January 19, 2016 / 6:03 PM / in 2 years

Potash Corp shuts Canadian mine, sees weak market continuing

Jochen Tilk attends Potash Corp's annual general meeting in Saskatoon, May 15, 2014.Derek Mortensen

(Reuters) - Weak conditions in the potash market will not improve any time soon, the chief executive of Potash Corp of Saskatchewan (POT.TO) said on Tuesday as the crop nutrient company announced it would suspend operations "indefinitely" at a Canadian mine.

Potash Corp said it was putting its Picadilly mine in the Canadian province of New Brunswick on care and maintenance, resulting in the loss of 420 to 430 jobs.

Potash prices have fallen sharply over the past year, under pressure from bloated capacity, soft grain prices and weak currencies in major consumers such as India and Brazil, one of Potash Corp's largest customers.

"We don't see in the short term how things will turn around quickly that would change the environment," Chief Executive Jochen Tilk said in an interview.

"We are repositioning the company in light of that but we are still optimistic on the long term prospects for our business," he said.

Potash Corp's stock was 60 Canadian cents firmer at C$23.63 on the Toronto Stock Exchange on Tuesday. The stock is down 45 percent in the past 12 months.

As demand for potash has fallen worldwide, Potash Corp, the world's biggest fertilizer company by capacity, has in recent months closed its Penobsquis potash mine in New Brunswick and suspended production at three mines in Saskatchewan.

Potash Corp, which had more than 5,000 employees worldwide at the end of 2014, said it would retain 35 employees at Picadilly to keep the operation in "care-and-maintenance" mode.
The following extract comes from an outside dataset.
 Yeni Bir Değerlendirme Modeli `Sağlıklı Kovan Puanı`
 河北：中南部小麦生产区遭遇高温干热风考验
About 100 affected employees could be relocated to Saskatchewan.

Potash Corp said it expected to recognize severance and transition costs of about $35 million in the first quarter as a result of suspending operations at Picadilly.

The suspension would help Potash Corp to reduce its full-year cost of goods sold by $40 million to $50 million and would eliminate capital expenditures of about $50 million in 2016 and $135 million in 2017-2018, the company said.